Quando torno a casa, mamma è a letto come sempre. Metto un bicchiere d’acqua sul suo comodino. Poi prendo l’uccellino blu e glielo do. Lei lo guarda a lungo. Accarezza piano le piccole crepe dell’argilla secca e dice: «Com’è carino...» Mamma ha occhi bellissimi, scuri e gentili. Da che ho memoria, è sempre stata malata. Tossisce sempre e non dobbiamo starle vicino perché potremmo contagiarci. Così ha detto il dottore. Io vorrei che mamma mi abbracciasse. Lo vorrei così tanto che fa male.



Sto in camera di mamma più che posso. E quando papà comincia a urlare, a volte lei risponde: «Daniel, lascia che finisca il disegno!» A quel punto lui non discute. Io penso che tutte queste cose, i disegni e gli uccellini di argilla blu, tutto quello che faccio con le mie mani la tiene in vita. La fa star meglio.



Nessuno sa come mamma si è ammalata. È successo a poco a poco. Aveva la febbre ed era sempre stanca. Poi è venuta la tosse e il dottore ha detto che era tisi. Macchie orribili e nere nei polmoni, come se qualcuno fosse andato a sporcarli con un carboncino.



Quando ero piccola, mamma è stata per un po’ in un sanatorio, dove la gente che ha i polmoni malati può riposare e respirare aria fresca. Papà non poteva occuparsi di me, così sono andata a vivere con zio Johan e con la sua famiglia.

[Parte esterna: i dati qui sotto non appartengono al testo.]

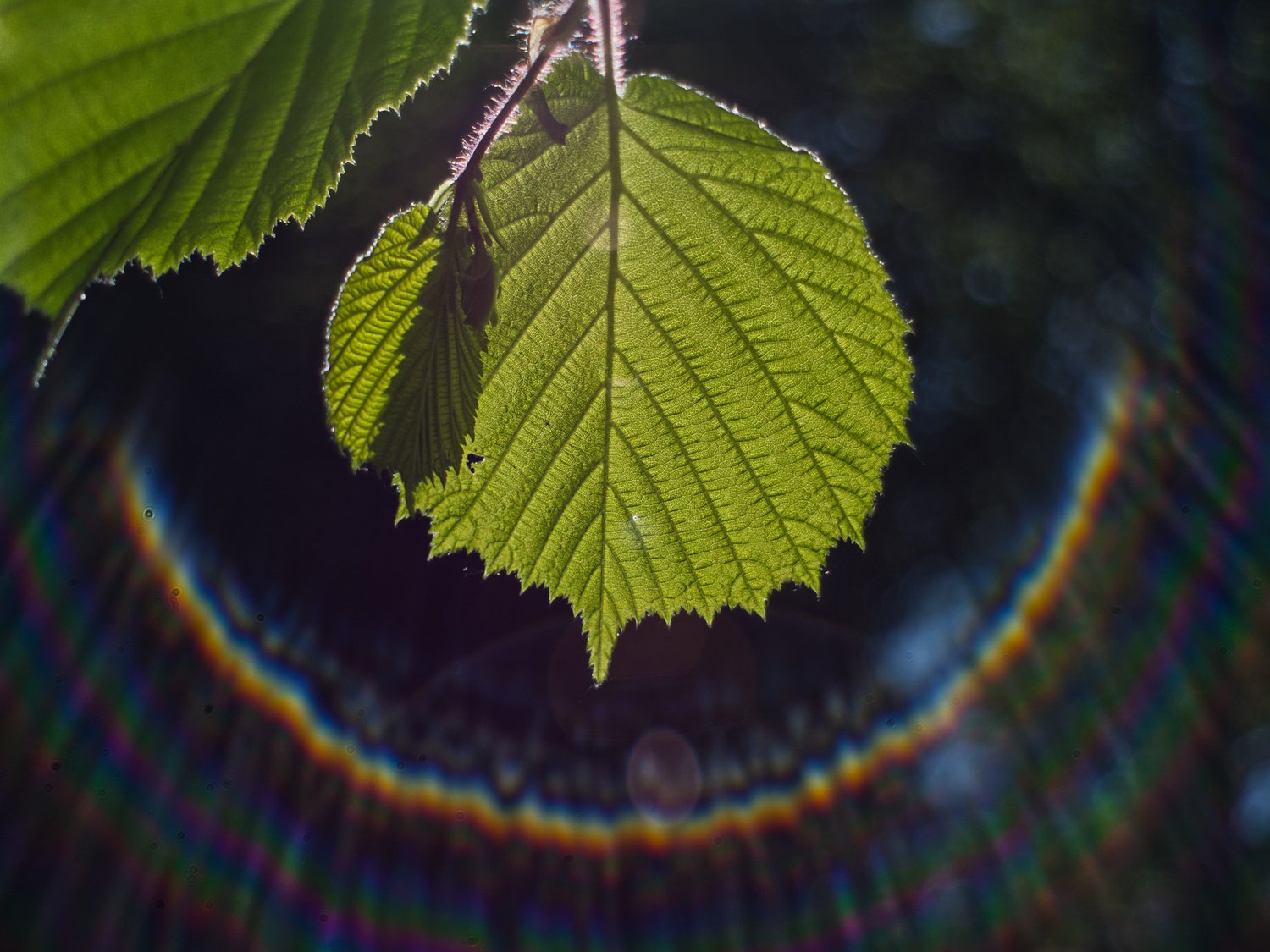 Eiliges Blatt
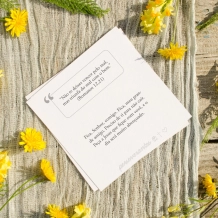 Caixinha de Mensagens Perseverantes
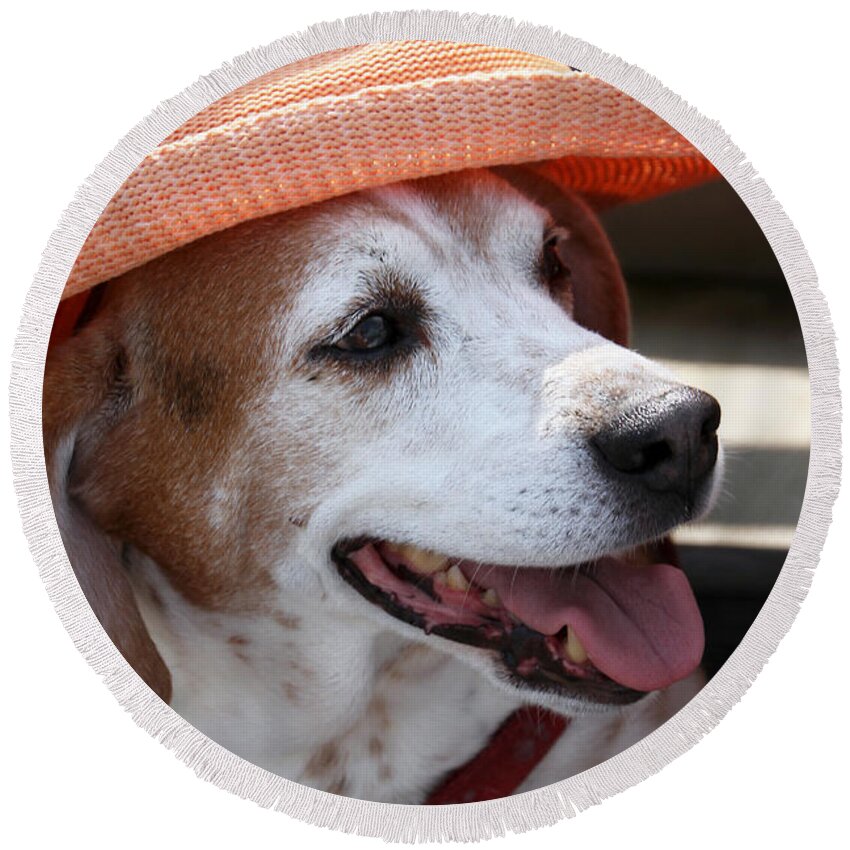 Beagle Round Beach Towel featuring the photograph A Hat for Buddy by Bob Slitzan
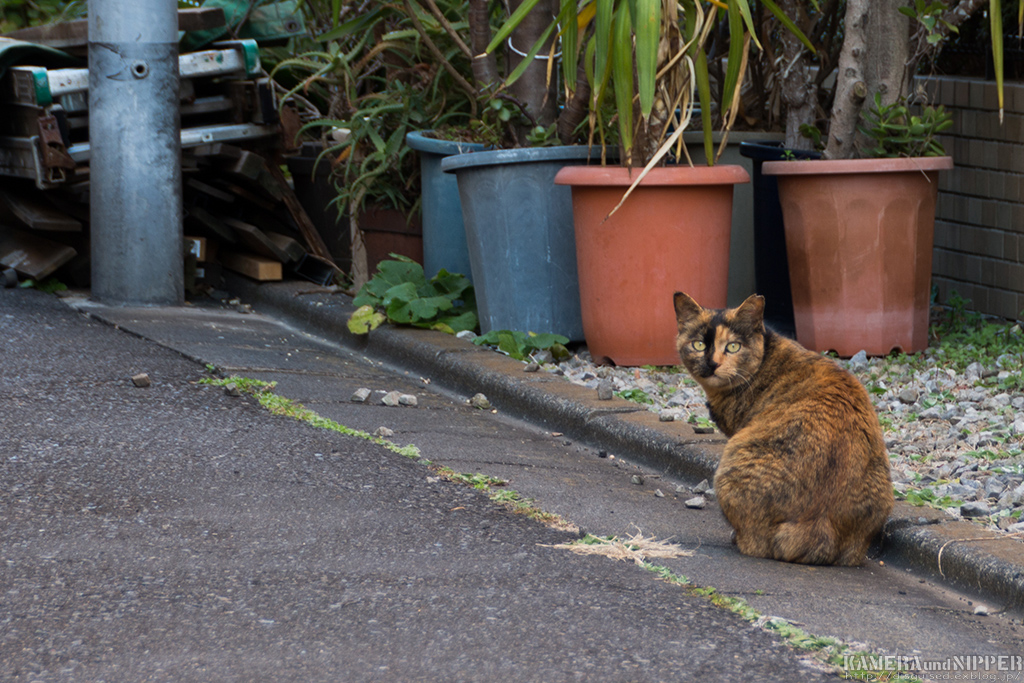 a0207595_20151287.jpg
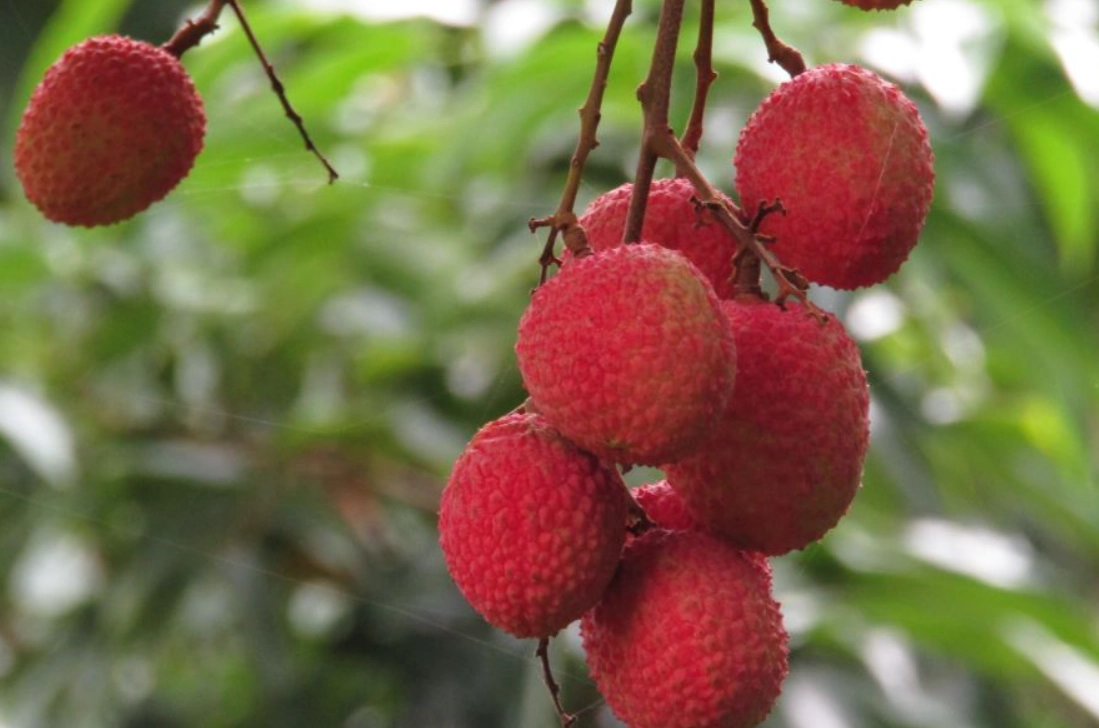荔枝繁殖方法 荔枝繁殖方法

Ricordo che mamma mi mancava e piangevo. Ricordo che zio mi guardava preoccupato, poi mi prendeva per mano e andavamo in una stanza che aveva un odore rassicurante e familiare. Lì dentro quasi non pensavo più a mamma. Ogni tanto potevo dipingere, ma soprattutto guardavo. Per tutti gli altri zio Johan era un solo un contadino, ma per me era un mago che sapeva far apparire dal nulla immagini meravigliose.



Ogni tanto dobbiamo farci visitare, per non prendere la malattia. Il dottore dice che ci sono miliardi di batteri in un solo colpo di tosse. Lui mi fa un po’ paura. Mi chiedo se davvero sa vedere chi vivrà e chi deve morire. In paese tutti parlano di lui, dicono che è un tipo strano. Che la sua casa è piena di quadri bellissimi, dipinti da veri artisti. Lo stetoscopio è ghiacciato. Le mani del dottore sono fresche e asciutte. Non come quelle di papà. Le mie sono sudate. Mi fa sputare in una tazza, poi guarda lo sputo con il suo microscopio. Dopo un po’ dice: «Signorina Berta, sei sana come un pesce».



Se chiudo gli occhi e mi concentro, sento un formicolio nelle mani. Come elettricità. Forse è per questo che mi piace tanto il disegno che mi ha dato zio Johan. Mi ha anche raccontato di Michelangelo, l’artista che l’ha dipinto sul soffitto di una chiesa in Italia, tanto tanto tempo fa. All’inizio ero imbarazzata perché Adamo è tutto nudo, ma ora è il mio preferito. La cosa più bella sono le mani. Il modo in cui quasi si toccano.



A scuola provo a copiare il disegno. Ma non viene per niente bene. A un tratto mi sembra che Dio mi stia puntando il dito addosso. Allora disegno me stessa su un pezzo di carta, lo ritaglio e lo poso sulla cartolina. Ora sembra che Dio abbia creato me invece di Adamo. Olof, un mio compagno, passa e mi chiede che cosa sto facendo. Cerco di spiegarglielo ma le parole escono male. Allora lui afferra il disegno, lo tiene in alto e lo fa vedere a tutta la classe. Grida: «Berta, bertuccia, chi ti credi di essere?» Il maestro riporta l’ordine in classe, poi mi dice di mettere via il disegno e non tirarlo fuori mai più.



«Che t’importa di Olof» dice Gunna. «Scommetto che è innamorato di te...» «Me ne vado a casa» dico io.



Da grande diventerò un’artista. Come Michelangelo. Ma non lo dico a nessuno. Perché fare l’artista non è un vero lavoro. Non è una cosa che si può diventare. Specialmente se sei una ragazza. So che papà la pensa così.



Nel fosso dietro casa c’è l’argilla blu. È fresca e bella da tenere in mano. Ci si può fare quello che si vuole. Io ci faccio gli uccellini.